I have the following Airflow DAG which uploads a single local file into an S3 bucket.
# airflow related
from airflow import DAG
from airflow.operators.python import PythonOperator
# other packages
from datetime import datetime
import boto3
with DAG(
dag_id='upload_to_s3',
start_date=datetime(2020, 5, 5),
schedule_interval='@once',
catchup=False,
) as dag:
pass
def file_upload():
#Creating Session With Boto3.
session = boto3.Session(
aws_access_key_id='my_access_key_id',
aws_secret_access_key='my_aws_secret_access_key'
)
#Creating S3 Resource From the Session.s
s3 = session.resource('s3')
result = s3.Bucket('flight-data-test-bucket').upload_file('/opt/airflow/dags/pricedata.xlsx', 'pricedata.xlsx')
return result
with DAG(
dag_id='upload_to_s3',
start_date=datetime(2020, 5, 5),
schedule_interval='@once',
catchup=False,
) as dag:
# Upload the file
task_file_to_s3 = PythonOperator(
task_id='upload_to_s3',
python_callable=file_upload
)
The DAG is imported in Airflow without any errors however when I try to force run it doesn't do anything as can be also seen in the below screenshot:
When I check the Task Instance Details it says that "Dependencies Blocking Task From Getting Scheduled. DependencyReasonTask Instance StateTask is in the 'queued' state."

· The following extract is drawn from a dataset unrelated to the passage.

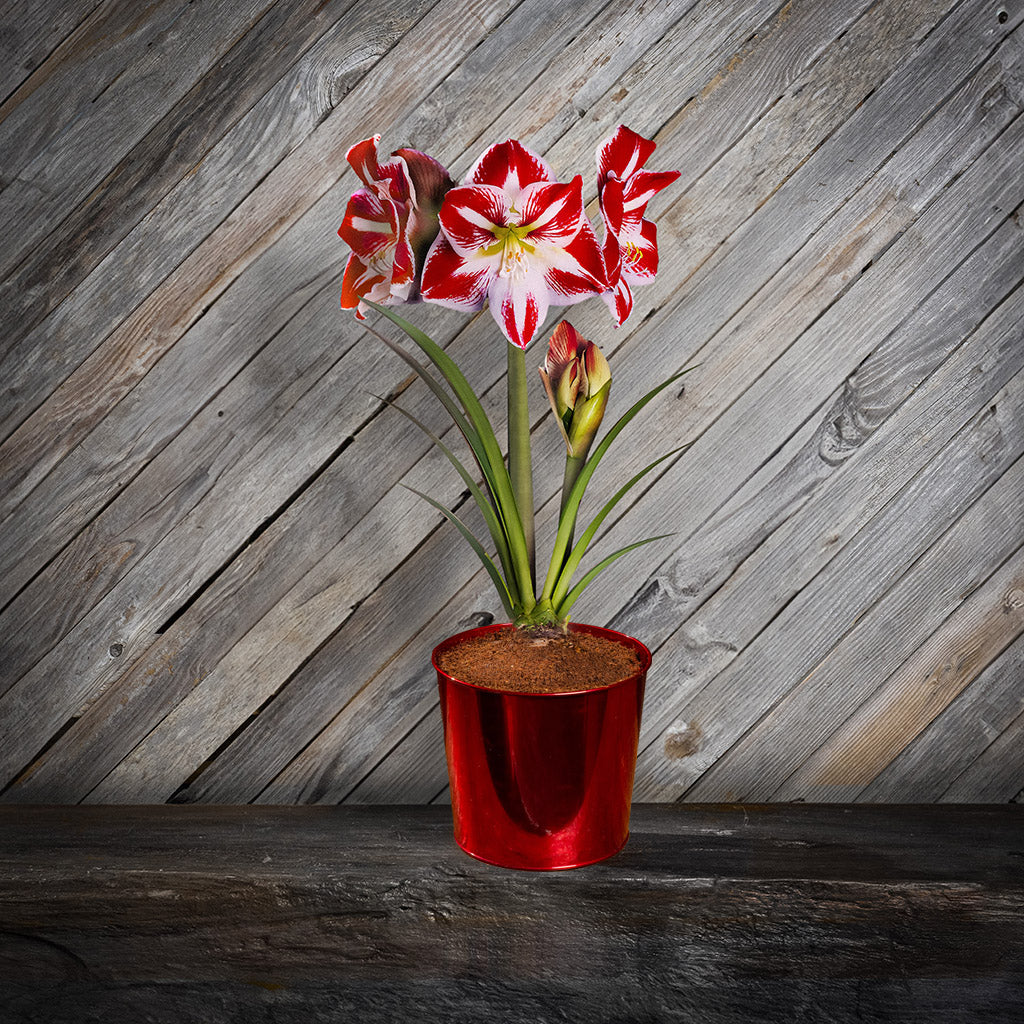 Fire & Ice Amaryllis – Lynch Creek Farm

I assume that this might be related to something going wrong with the start_date or schedule_interval but I'm not sure. Any ideas? I have been running Airflow on Windows through Docker.
CodePudding user response:
It turned out that there was no problem with my DAG but something was wrong with my docker.
After removing everything(containers, images, etc.) I deleted all my airflow data and run a clean install by following this tutorial to install airflow. Now my DAG is working.